Caption-style text data
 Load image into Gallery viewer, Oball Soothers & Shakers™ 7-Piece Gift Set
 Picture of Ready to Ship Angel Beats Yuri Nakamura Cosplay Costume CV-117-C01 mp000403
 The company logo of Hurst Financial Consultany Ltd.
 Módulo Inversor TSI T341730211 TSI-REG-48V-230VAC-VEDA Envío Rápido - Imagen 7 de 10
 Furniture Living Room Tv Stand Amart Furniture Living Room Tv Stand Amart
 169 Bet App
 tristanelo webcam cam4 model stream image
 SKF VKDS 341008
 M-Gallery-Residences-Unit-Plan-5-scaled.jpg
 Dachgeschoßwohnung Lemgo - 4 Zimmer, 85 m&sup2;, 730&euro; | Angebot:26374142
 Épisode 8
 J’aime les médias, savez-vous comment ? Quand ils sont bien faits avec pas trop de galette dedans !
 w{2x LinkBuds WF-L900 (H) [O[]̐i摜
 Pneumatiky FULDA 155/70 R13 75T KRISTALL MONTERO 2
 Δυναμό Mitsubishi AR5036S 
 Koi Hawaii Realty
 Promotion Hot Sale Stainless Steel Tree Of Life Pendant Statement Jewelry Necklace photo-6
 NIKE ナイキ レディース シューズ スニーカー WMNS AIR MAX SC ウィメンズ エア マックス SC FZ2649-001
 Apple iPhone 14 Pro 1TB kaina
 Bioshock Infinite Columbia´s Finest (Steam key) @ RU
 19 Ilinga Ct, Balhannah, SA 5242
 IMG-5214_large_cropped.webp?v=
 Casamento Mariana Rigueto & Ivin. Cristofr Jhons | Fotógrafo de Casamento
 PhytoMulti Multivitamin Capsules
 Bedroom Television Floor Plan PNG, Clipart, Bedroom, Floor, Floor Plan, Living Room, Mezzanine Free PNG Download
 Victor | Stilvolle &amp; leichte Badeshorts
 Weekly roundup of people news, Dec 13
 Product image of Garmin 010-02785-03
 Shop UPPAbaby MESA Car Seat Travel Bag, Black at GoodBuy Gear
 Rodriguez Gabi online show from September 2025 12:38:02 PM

Goal of the exercise: Preserving every character, copy the records above out again.

Written response:
 Load image into Gallery viewer, Oball Soothers & Shakers™ 7-Piece Gift Set
 Picture of Ready to Ship Angel Beats Yuri Nakamura Cosplay Costume CV-117-C01 mp000403
 The company logo of Hurst Financial Consultany Ltd.
 Módulo Inversor TSI T341730211 TSI-REG-48V-230VAC-VEDA Envío Rápido - Imagen 7 de 10
 Furniture Living Room Tv Stand Amart Furniture Living Room Tv Stand Amart
 169 Bet App
 tristanelo webcam cam4 model stream image
 SKF VKDS 341008
 M-Gallery-Residences-Unit-Plan-5-scaled.jpg
 Dachgeschoßwohnung Lemgo - 4 Zimmer, 85 m&sup2;, 730&euro; | Angebot:26374142
 Épisode 8
 J’aime les médias, savez-vous comment ? Quand ils sont bien faits avec pas trop de galette dedans !
 w{2x LinkBuds WF-L900 (H) [O[]̐i摜
 Pneumatiky FULDA 155/70 R13 75T KRISTALL MONTERO 2
 Δυναμό Mitsubishi AR5036S 
 Koi Hawaii Realty
 Promotion Hot Sale Stainless Steel Tree Of Life Pendant Statement Jewelry Necklace photo-6
 NIKE ナイキ レディース シューズ スニーカー WMNS AIR MAX SC ウィメンズ エア マックス SC FZ2649-001
 Apple iPhone 14 Pro 1TB kaina
 Bioshock Infinite Columbia´s Finest (Steam key) @ RU
 19 Ilinga Ct, Balhannah, SA 5242
 IMG-5214_large_cropped.webp?v=
 Casamento Mariana Rigueto & Ivin. Cristofr Jhons | Fotógrafo de Casamento
 PhytoMulti Multivitamin Capsules
 Bedroom Television Floor Plan PNG, Clipart, Bedroom, Floor, Floor Plan, Living Room, Mezzanine Free PNG Download
 Victor | Stilvolle &amp; leichte Badeshorts
 Weekly roundup of people news, Dec 13
 Product image of Garmin 010-02785-03
 Shop UPPAbaby MESA Car Seat Travel Bag, Black at GoodBuy Gear
 Rodriguez Gabi online show from September 2025 12:38:02 PM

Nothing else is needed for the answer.